• _Work to be completed_
From the listing below, please restate exactly the lines beginning at the one with "Купить Блок питания" and ending at the one with "Ботинки, артикул 2398, цвет", both included, and skip the pictures.

• _Dataset_
* * * *
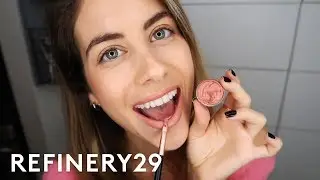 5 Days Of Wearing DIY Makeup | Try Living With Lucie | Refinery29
* * * *
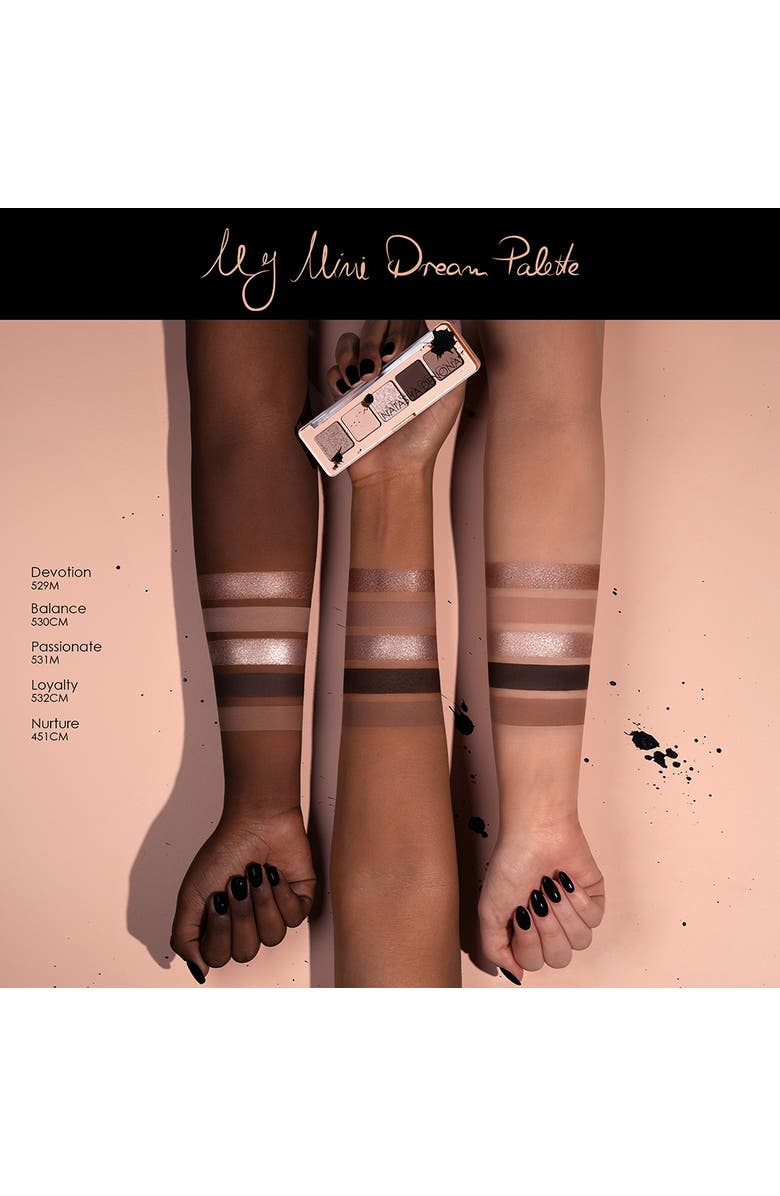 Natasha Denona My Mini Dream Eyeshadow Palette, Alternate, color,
* * * *
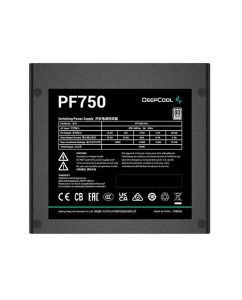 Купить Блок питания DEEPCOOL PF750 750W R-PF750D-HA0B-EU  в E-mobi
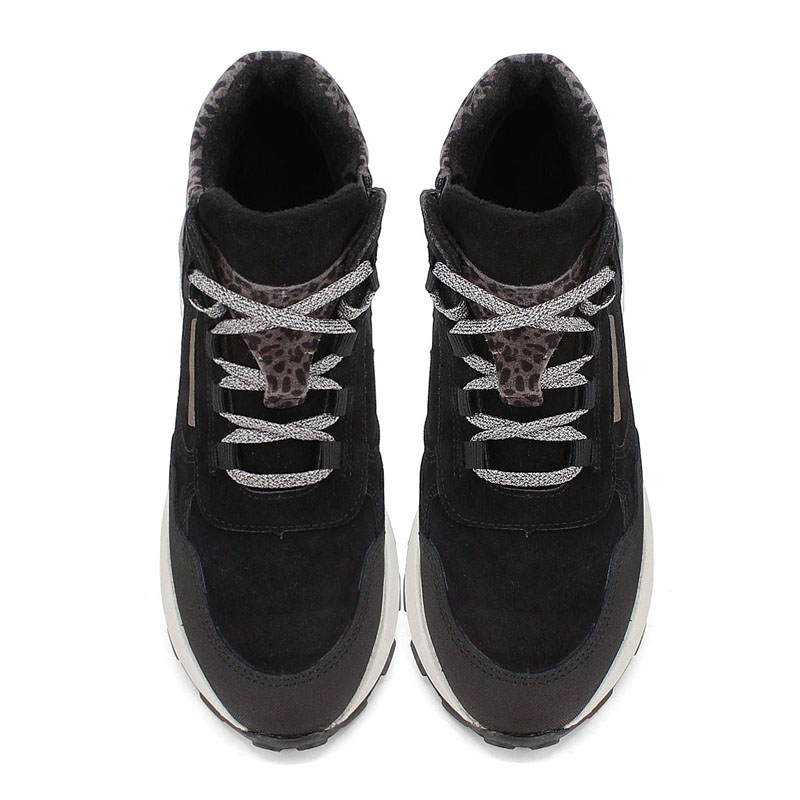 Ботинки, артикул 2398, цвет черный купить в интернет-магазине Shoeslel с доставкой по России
* * * *
• _Answer to this exercise_
 Купить Блок питания DEEPCOOL PF750 750W R-PF750D-HA0B-EU  в E-mobi
 Ботинки, артикул 2398, цвет черный купить в интернет-магазине Shoeslel с доставкой по России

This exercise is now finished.